Delayed impact of rate increases mainly stems from excess consumer purchasing power
The cumulative impact of interest rate hikes in North American economies might well end up in a widespread recession sooner or later, according to the head of a major Canadian asset management firm.
John Zechner, chairman and founder of J. Zechner Associates, said in an interview with BNN Bloomberg that historically, an economic slowdown follows whenever short-term debt posts a greater yield than longer term bonds.
Zechner said that this exact phenomenon can be observed in both North American economies at present.
“Every single time you’ve had an inversion of the yield curve, you’ve been in a recession afterwards,” Zechner said. “Why would this suddenly be different this time around?”
The seemingly delayed economic impact of interest rate hikes mainly stems from pandemic-era excess savings and government fiscal support – and these reserves are likely to run their course soon.

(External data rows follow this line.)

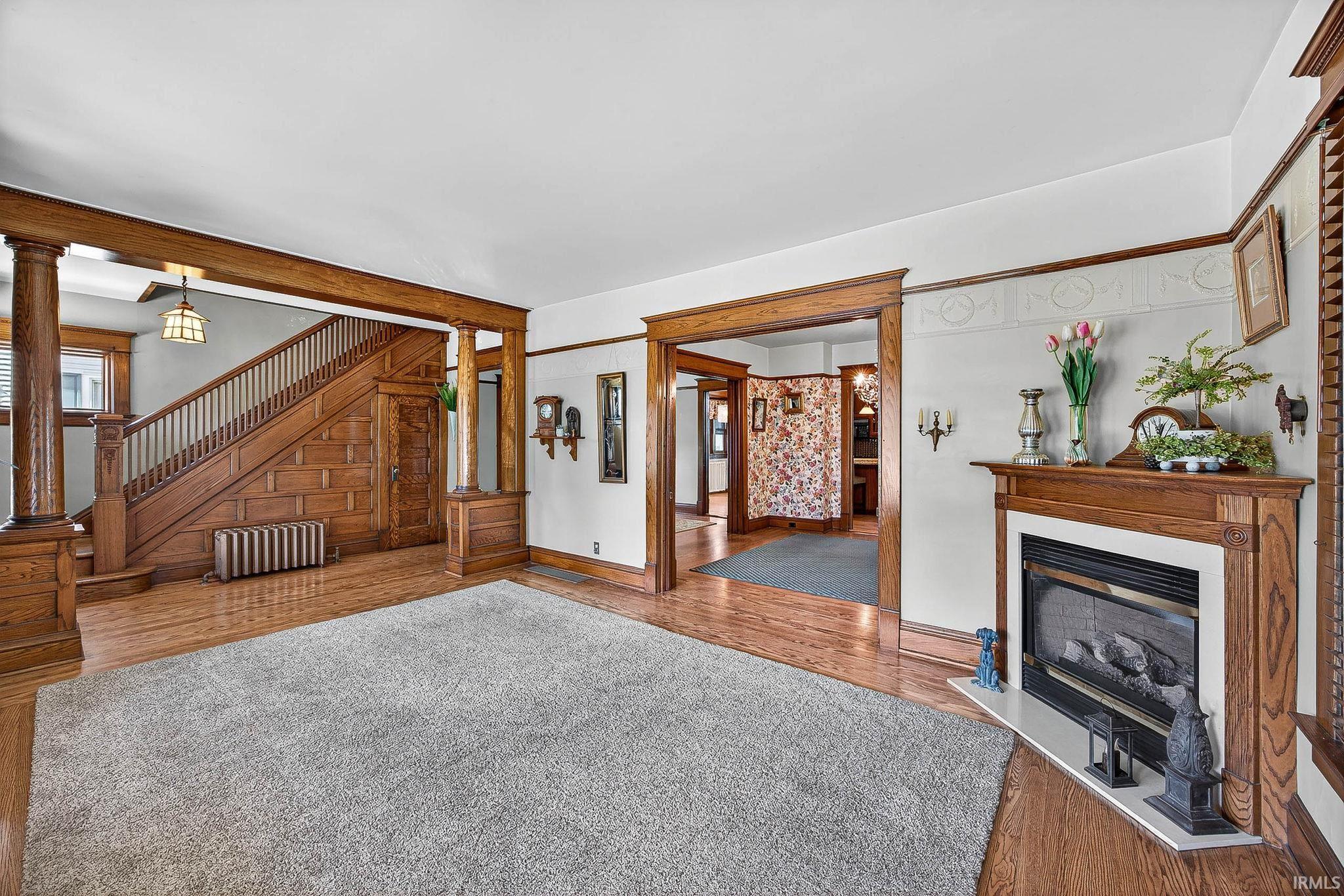 Homes for sale in Bremen, IN | 127 W Mill St, Bremen, IN 46506 | MLS# 202534227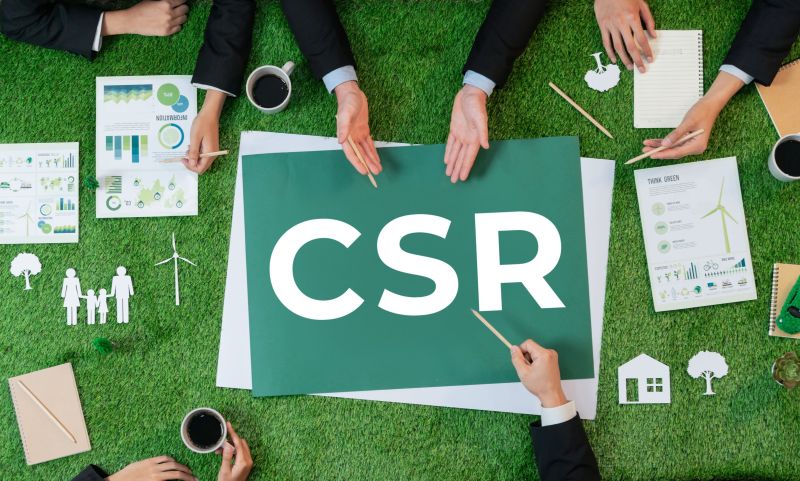 Your Go to CSR Event Planners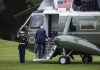 După sala de bal, Donald Trump are în vedere un nou proiect: construirea unui heliport la Casa Albă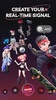 M8-3D Avatar, Party & Chat screenshot 3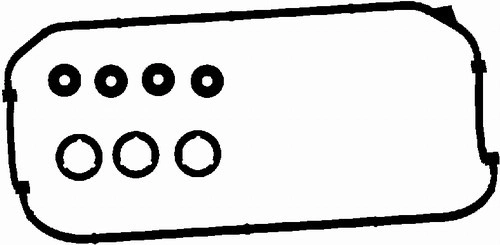 Gasket Set, cylinder head cover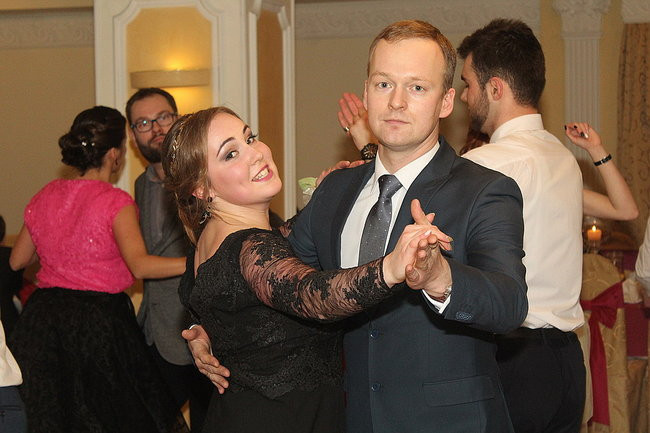 Tak się bawił ZSZ w Rawiczu (zdjęcia)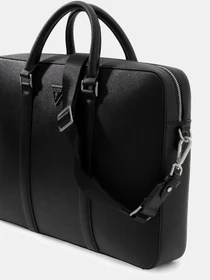 Сумки GUESS модель HMMISA-P6169-BLA Фото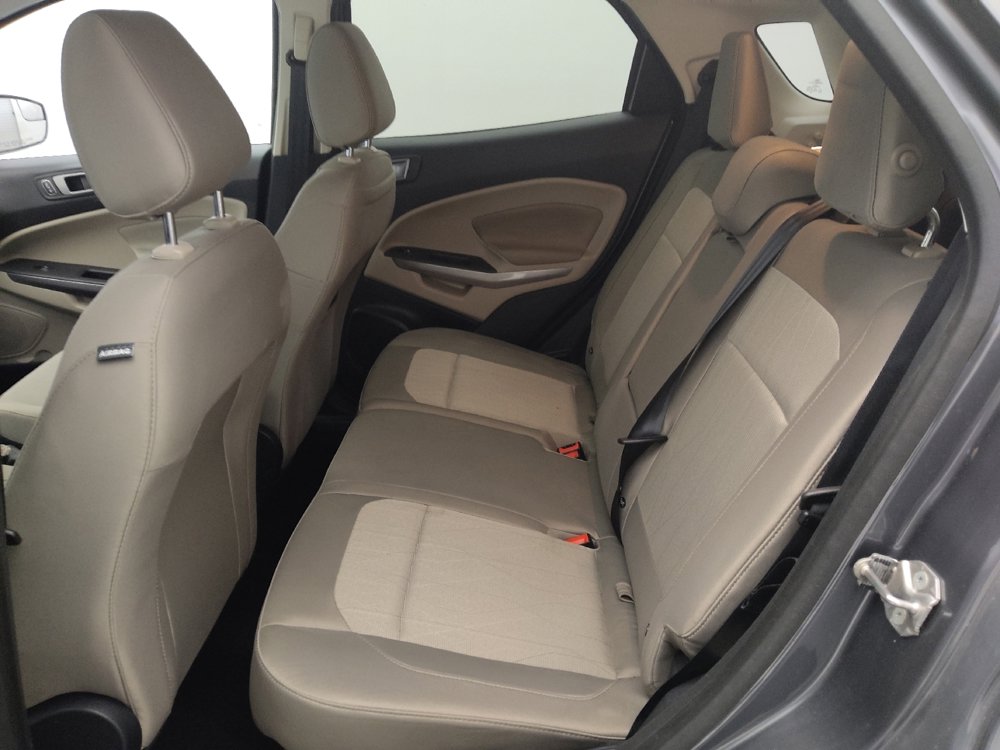 Used 2020 Ford EcoSport SE image 18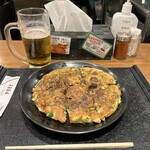 ねぎ焼 やまもと 新大阪店 - 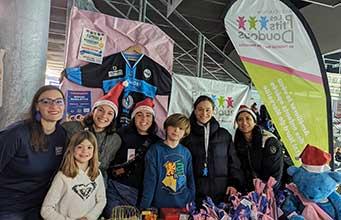 Hôpital Nord : les P’tits Doudous rendent l’hôpital plus doux !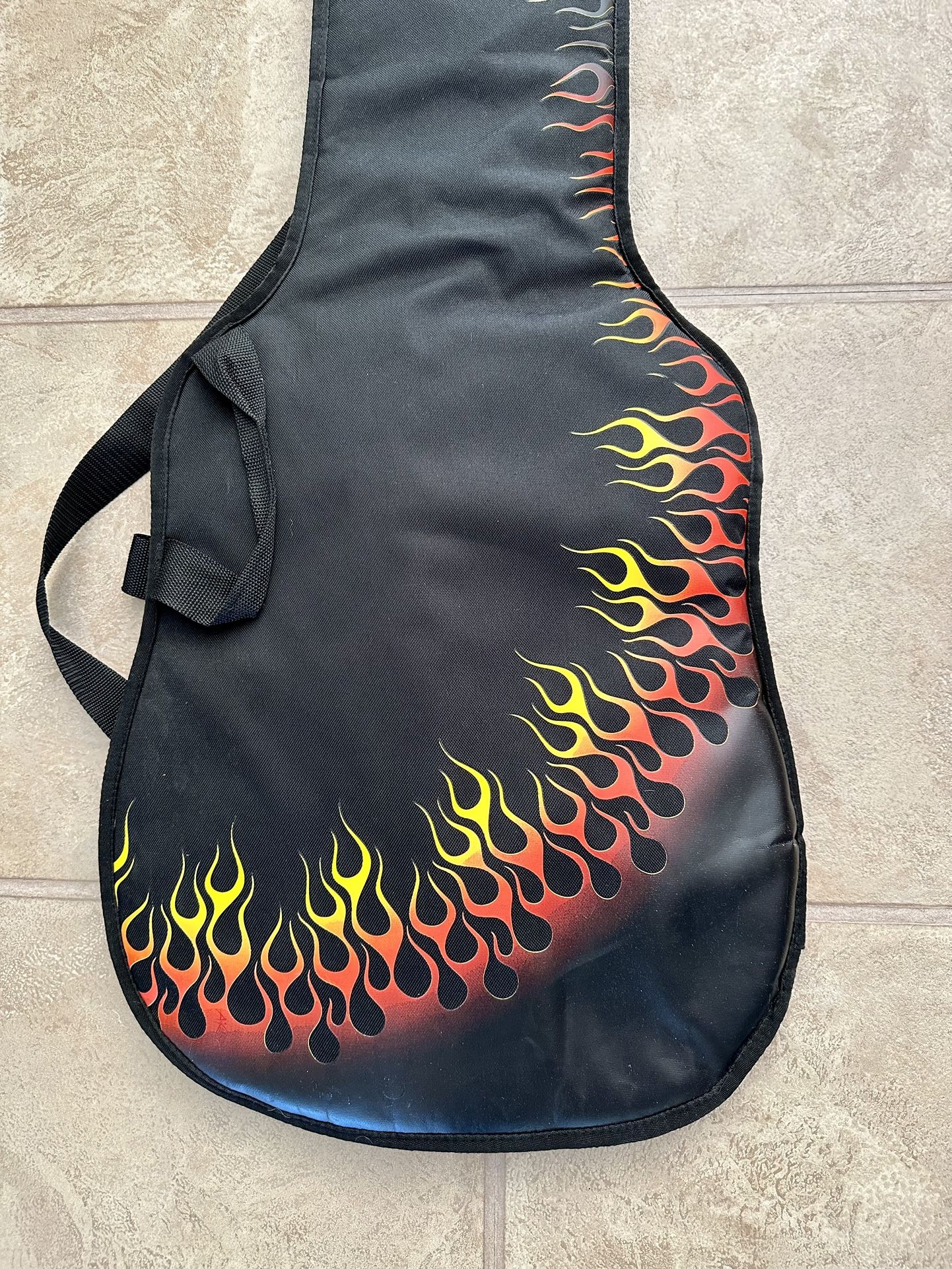 Hot Rod Flame Gig Bag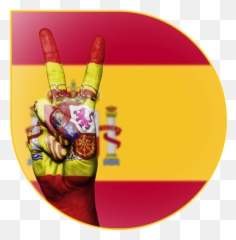 Spain Spanien Spainflag Spania Fifa Football Fussball - Spain Flag Emoji,Spain Flag Emoji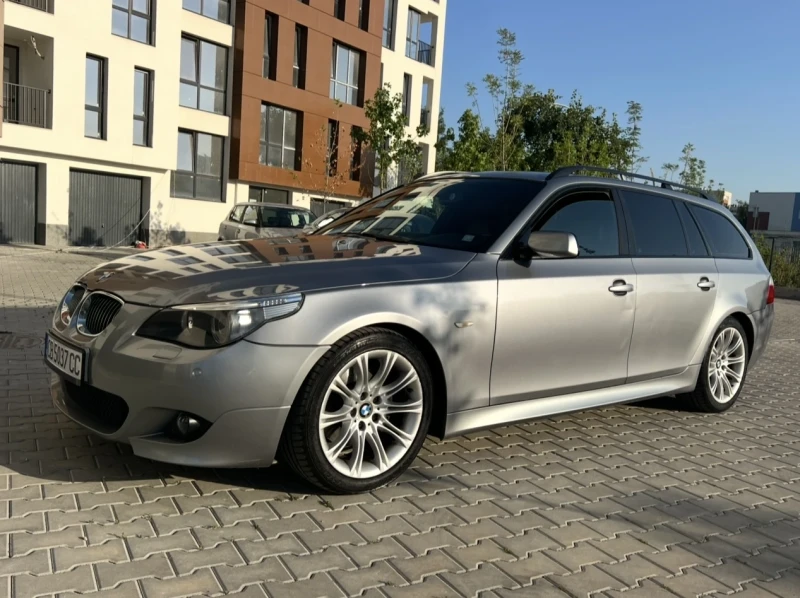 BMW 530 ORG M PACK, снимка 1 - Автомобили и джипове - 49123301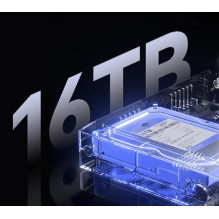 IP recorder Imou N118-8P 18-channel 8-PoE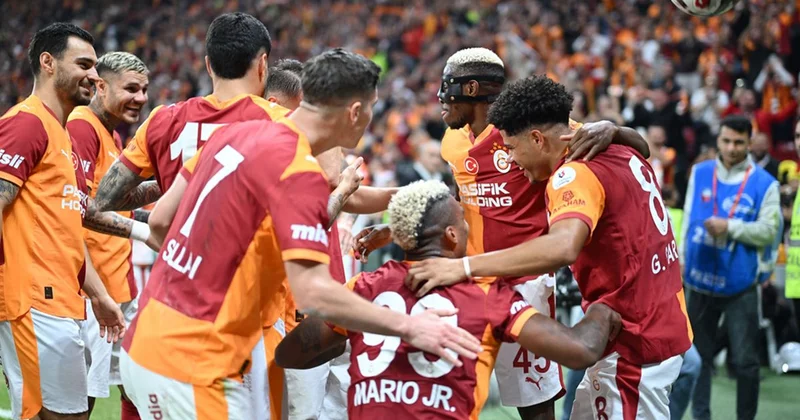 Galatasaray ın kamp kadrosunda beklenmedik sürpriz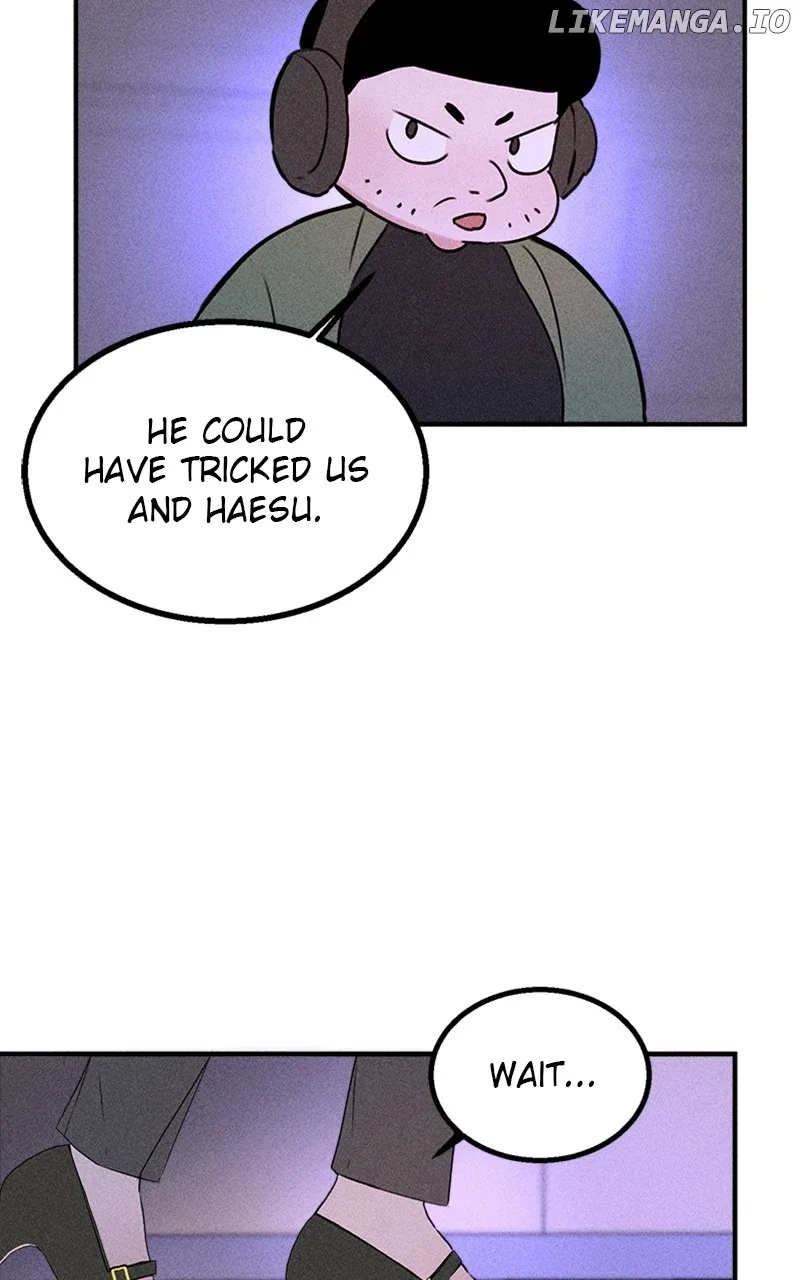 My Sister’s Private Life Chapter 52 page 35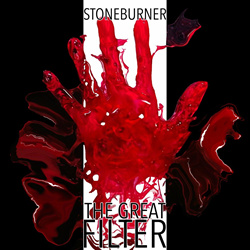 Stoneburner - The Great Filter (2023)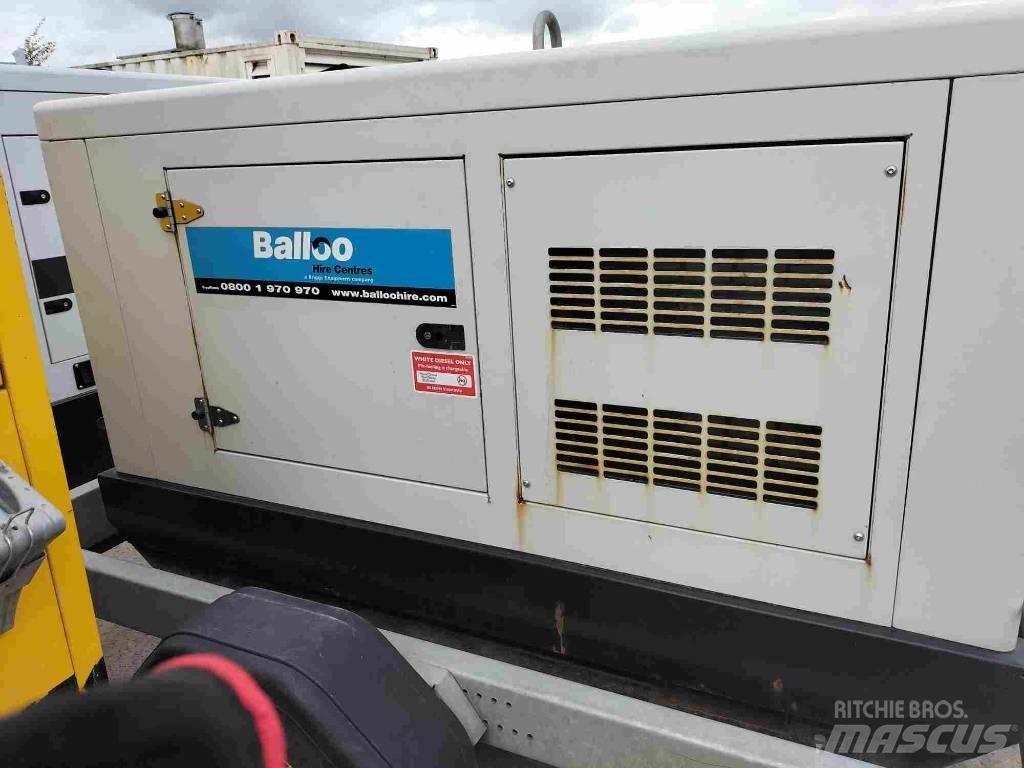  MacGen 45 KVA مولدات ديزل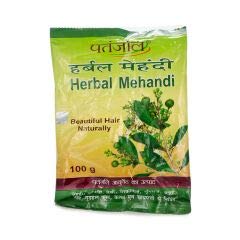 Patanjali Herbal Mehandi 100 gm (pack of 5)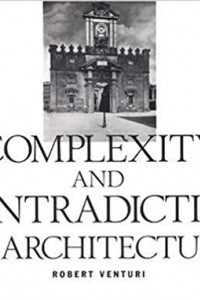 Книга Complexity and Contradiction in Architecture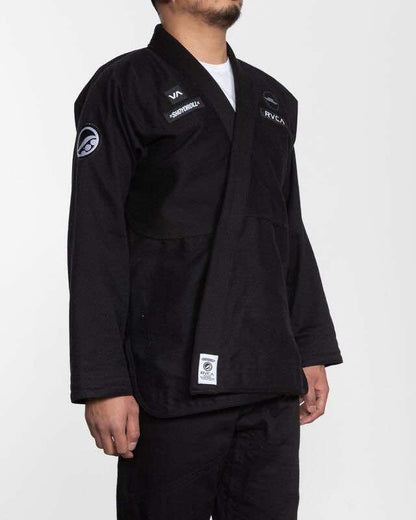 BJJ Gi Shoyoroll Cut RVCA x Heartbreakers Batch 115 kimono Uniform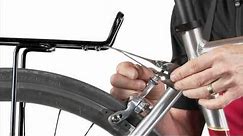 How to Install a Rack on Your Bike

“We’re heading down into this period of sort of low growth, or no growth, that will in retrospect be defined as a recession,” Zechner said. “I don’t see how we can possibly avoid going into a recession.”
On the other hand, this same excess consumer purchasing power, coupled with elevated spending and labour market resilience, could help Canada avert the worst-case scenario this year, BMO said recently.
“Tighter central bank policy reinforces our view that the housing market is unlikely to see a V-shaped recovery this year,” BMO said. “Sales and prices are expected to remain flat to modestly higher, before rate cuts set the stage for a stronger upturn next year.”
Still, “if the Bank of Canada is forced to push rates well above 5% to restore price stability, the correction in home prices could resume,” BMO warned.